So if the guard selection probability increase is not that alarming,
we are left with one main factor for guard selection diversity: the
number of guard nodes remaining after the cut-off. You can see a graph
of this here:
https://people.torproject.org/~asn/guards/guard_number_cutoff.png

And the main factor about performance implications is how much of the
guard bandwidth we discard after the cut-off. Nick made a graph for
this here:
https://www-users.cs.umn.edu/~hopper/guards/guard_thresholds_bandwidth.png

To get an educated idea about how much bandwidth we should discard, we
might want to look at the "advertised bandwidth"/"bandwidth history"
graphs in metrics.tpo. For example in:

https://metrics.torproject.org/network.html#bandwidth-flags

we see that about 2/5 of the total guard (advertised) bandwidth is
supposedly left unused. This might give us an idea of how much
bandwidth we can discard without clogging up the Tor pipes. Maybe by
doing a "fast guard nodes" campaign (like we did for exit nodes) the
situation will improve vastly too (since guard nodes are easier to set
up than exit nodes).

What other factors should we look at before deciding our bandwith
cut-off value?
...
Other thoughts: raising the bar on guards leads to good things(tm).
Not amazing(R), though. One, you get less relays that shouldn't really
be guards slowing things down. Two, an adversary can't take control of
a large number of slow relays (like in a botnet of residential
computers) and run guards that in aggregate give them a lot of
bandwidth (which is how guards are selected, i.e. the adversary gets
one of their bots picked because the chance of one of the bots being
picked in aggregate is high) and at the same time slow down service
for a client who actually will use that bad guard with low bandwidth.
The trick, as you have pointed out, is in picking this cut-off point.
But dropping the bottom most doesn't really hurts things, apart form
the feeling of leaving bandwidth on the table.
Looking forward to seeing progress. :)
Appendix: How do guard probabilities change after a cutoff?
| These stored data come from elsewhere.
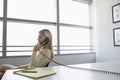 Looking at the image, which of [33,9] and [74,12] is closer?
[33,9]

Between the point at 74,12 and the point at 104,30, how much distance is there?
3.52 ft

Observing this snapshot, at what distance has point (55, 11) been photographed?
395 centimetres

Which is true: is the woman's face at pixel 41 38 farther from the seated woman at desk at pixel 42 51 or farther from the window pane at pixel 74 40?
the window pane at pixel 74 40

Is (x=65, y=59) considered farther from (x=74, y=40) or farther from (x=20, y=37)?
(x=20, y=37)

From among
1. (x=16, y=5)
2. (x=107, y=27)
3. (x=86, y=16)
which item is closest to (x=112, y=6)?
(x=107, y=27)

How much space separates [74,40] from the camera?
4.31m

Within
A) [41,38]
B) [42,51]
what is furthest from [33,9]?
[42,51]

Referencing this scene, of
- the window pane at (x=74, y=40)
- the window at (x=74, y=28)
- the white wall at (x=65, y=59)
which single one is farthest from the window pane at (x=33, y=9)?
the white wall at (x=65, y=59)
Currently, guard probabilities are calculated as such:
""" (1)
   foreach guard:
        guard_prob = guard_weight / sum_of_guard_weights
"""
where guard_weight is an integer assigned to each guard based on its
bandwidth (and its relay flags), and sum_of_guard_weights is the sum
of all guard_weights of all guards.

This means that after the cutoff, the new_guard_prob is now:

   new_guard_prob = guard_weight / (new_sum_of_guard_weights)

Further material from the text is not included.